Output exactly the lines below, starting with the line that has "Art deco black and gold geometric style pattern" and going on through the line that has "Gucci Gucci Ophidia", both included, and no other lines.
=====
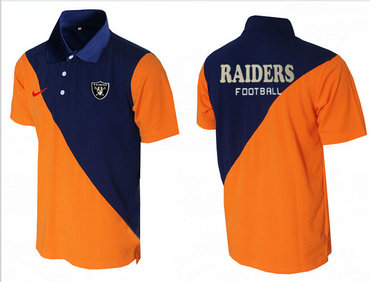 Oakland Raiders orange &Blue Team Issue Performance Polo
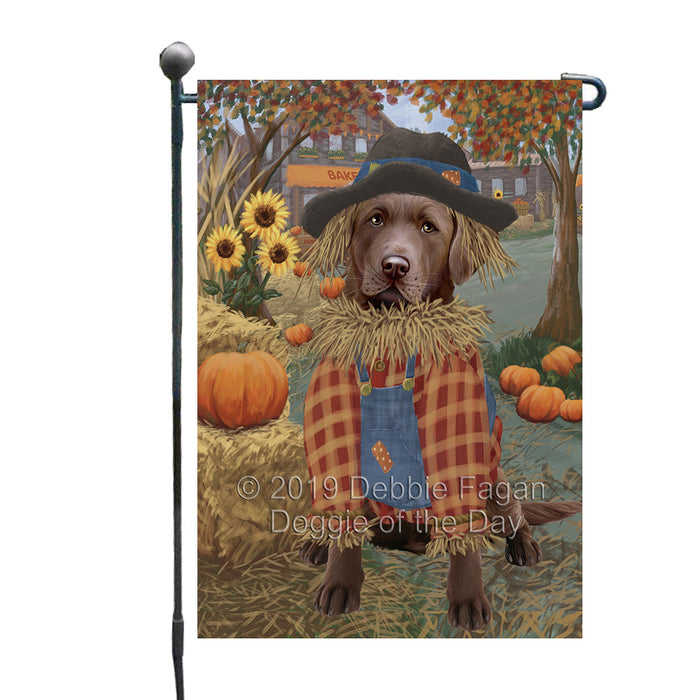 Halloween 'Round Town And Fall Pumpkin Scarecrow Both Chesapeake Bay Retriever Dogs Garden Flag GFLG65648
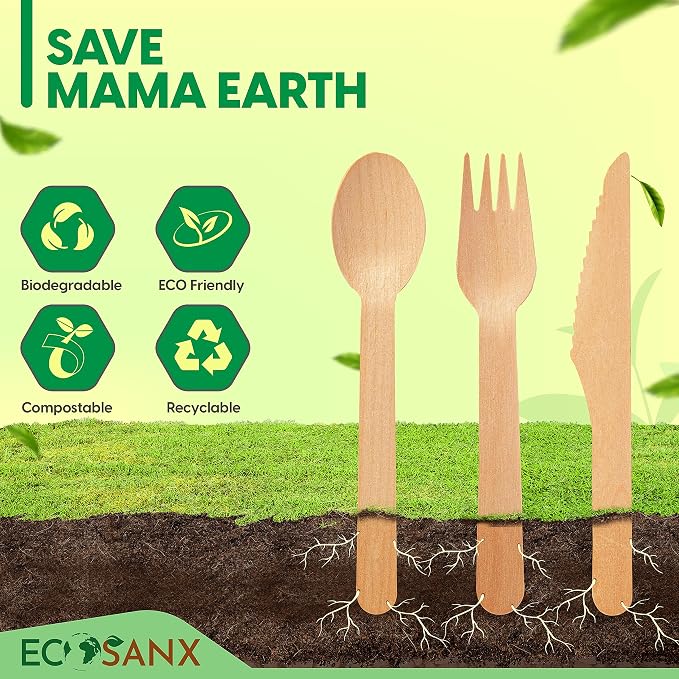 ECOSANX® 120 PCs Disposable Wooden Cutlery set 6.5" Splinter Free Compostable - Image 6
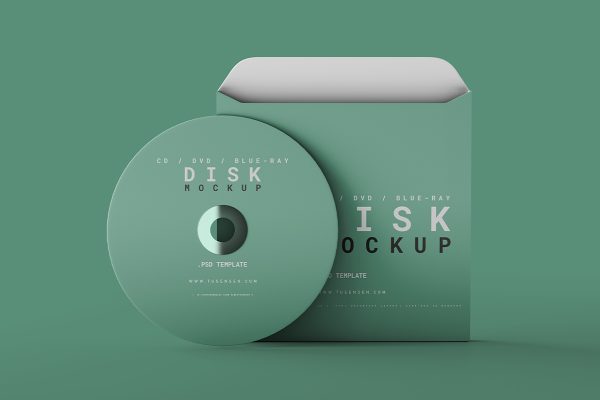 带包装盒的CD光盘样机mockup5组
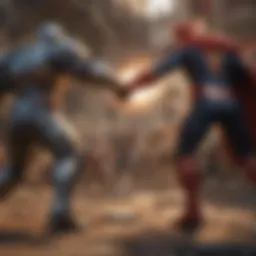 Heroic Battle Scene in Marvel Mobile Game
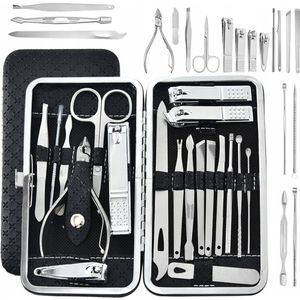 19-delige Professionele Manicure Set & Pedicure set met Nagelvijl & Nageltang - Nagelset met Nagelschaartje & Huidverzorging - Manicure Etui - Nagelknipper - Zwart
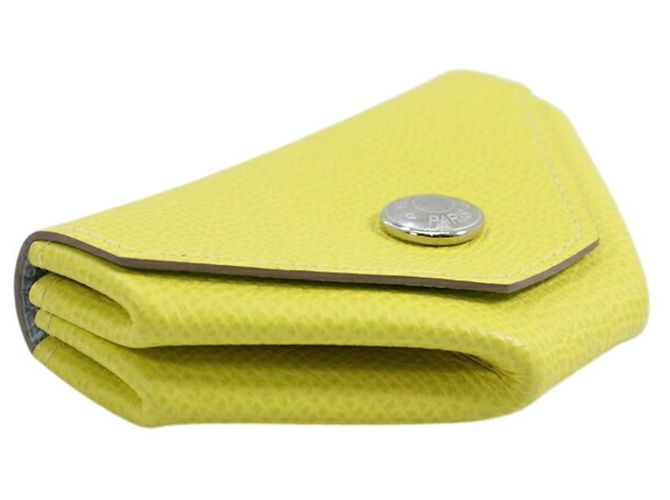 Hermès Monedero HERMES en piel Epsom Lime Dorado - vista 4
=====
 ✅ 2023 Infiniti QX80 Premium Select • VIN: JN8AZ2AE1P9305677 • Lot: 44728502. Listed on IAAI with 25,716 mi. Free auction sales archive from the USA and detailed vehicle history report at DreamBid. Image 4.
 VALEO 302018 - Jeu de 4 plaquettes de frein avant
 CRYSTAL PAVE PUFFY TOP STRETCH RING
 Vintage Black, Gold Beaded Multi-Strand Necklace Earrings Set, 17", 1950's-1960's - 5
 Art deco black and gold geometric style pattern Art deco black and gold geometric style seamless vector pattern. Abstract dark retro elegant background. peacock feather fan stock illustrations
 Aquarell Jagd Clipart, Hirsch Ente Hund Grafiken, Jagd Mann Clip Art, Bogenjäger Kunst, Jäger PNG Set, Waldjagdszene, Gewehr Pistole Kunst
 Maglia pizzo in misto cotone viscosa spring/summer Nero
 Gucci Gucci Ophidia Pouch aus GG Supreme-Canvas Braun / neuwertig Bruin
=====
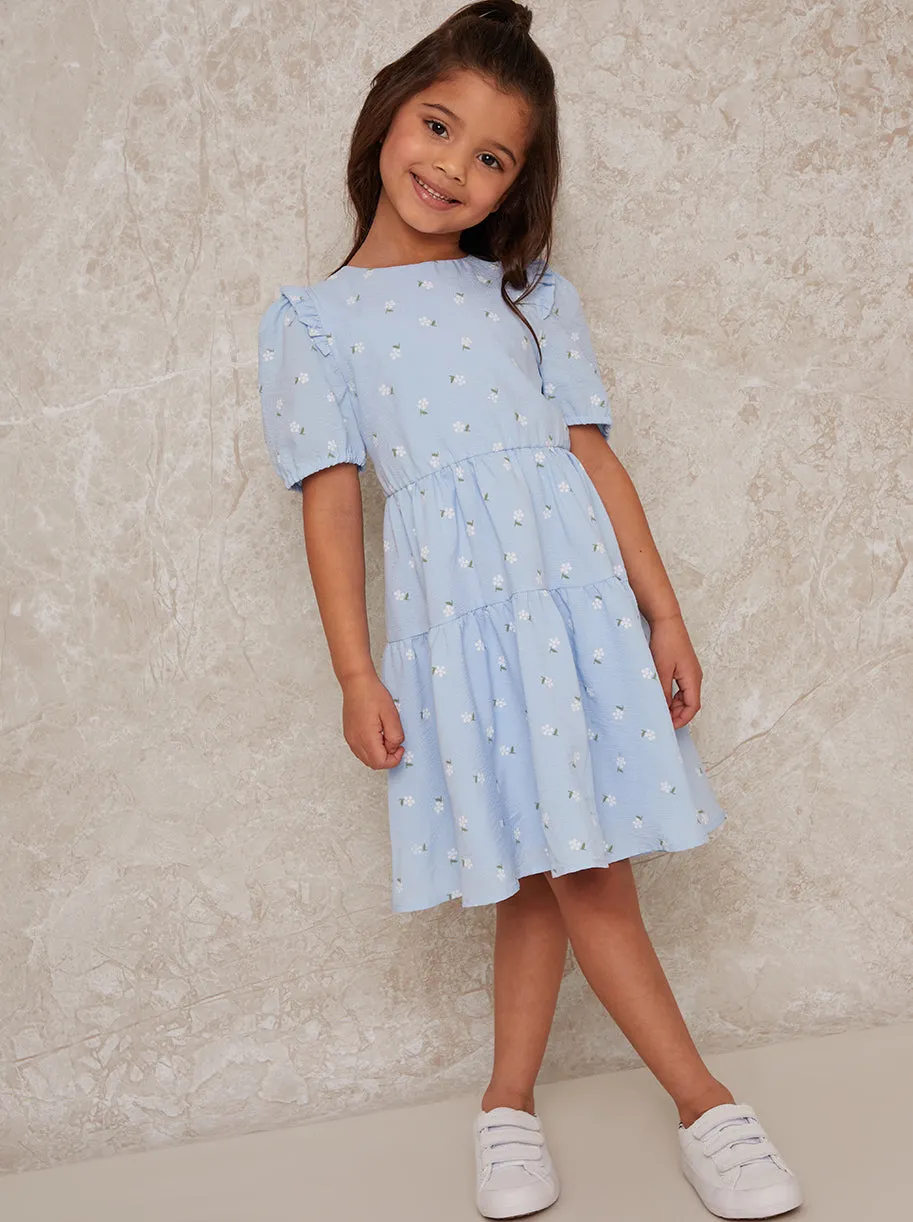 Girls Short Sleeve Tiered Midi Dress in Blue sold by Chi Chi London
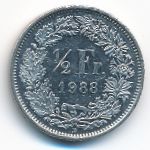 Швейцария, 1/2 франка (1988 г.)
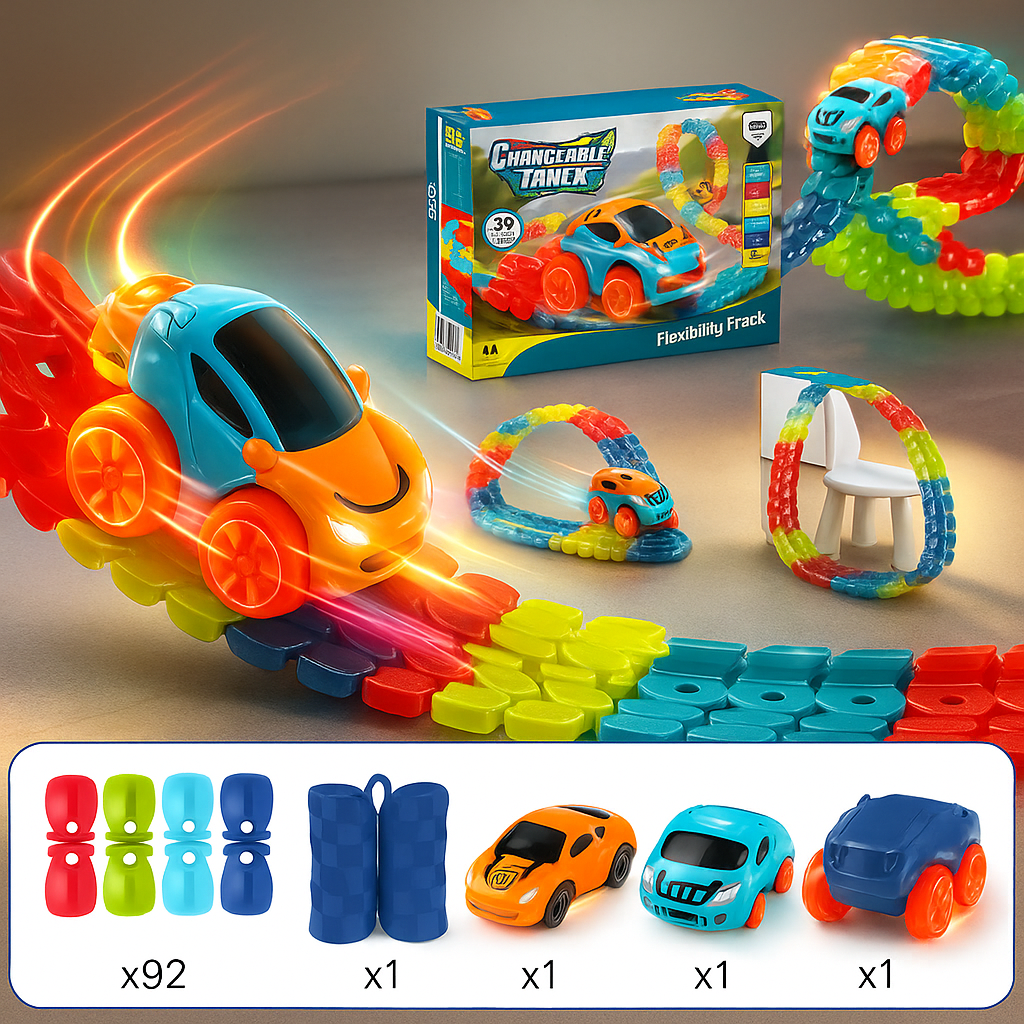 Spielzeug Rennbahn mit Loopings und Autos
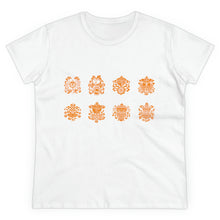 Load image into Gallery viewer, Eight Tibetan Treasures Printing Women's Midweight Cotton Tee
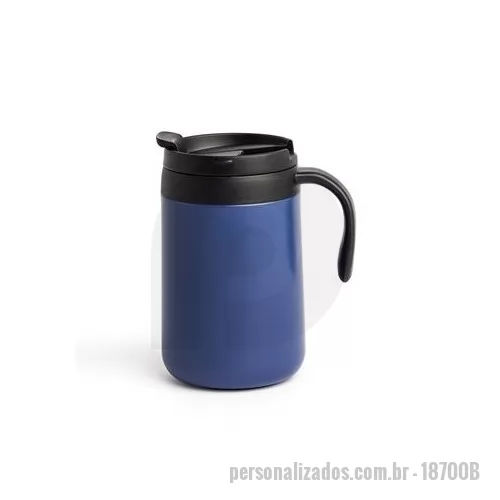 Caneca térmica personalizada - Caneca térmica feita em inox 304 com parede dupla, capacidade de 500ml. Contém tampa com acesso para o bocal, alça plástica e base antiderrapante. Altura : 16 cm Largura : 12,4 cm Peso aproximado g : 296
=====
== Response to the task ==
 Art deco black and gold geometric style pattern Art deco black and gold geometric style seamless vector pattern. Abstract dark retro elegant background. peacock feather fan stock illustrations
 Aquarell Jagd Clipart, Hirsch Ente Hund Grafiken, Jagd Mann Clip Art, Bogenjäger Kunst, Jäger PNG Set, Waldjagdszene, Gewehr Pistole Kunst
 Maglia pizzo in misto cotone viscosa spring/summer Nero
 Gucci Gucci Ophidia Pouch aus GG Supreme-Canvas Braun / neuwertig Bruin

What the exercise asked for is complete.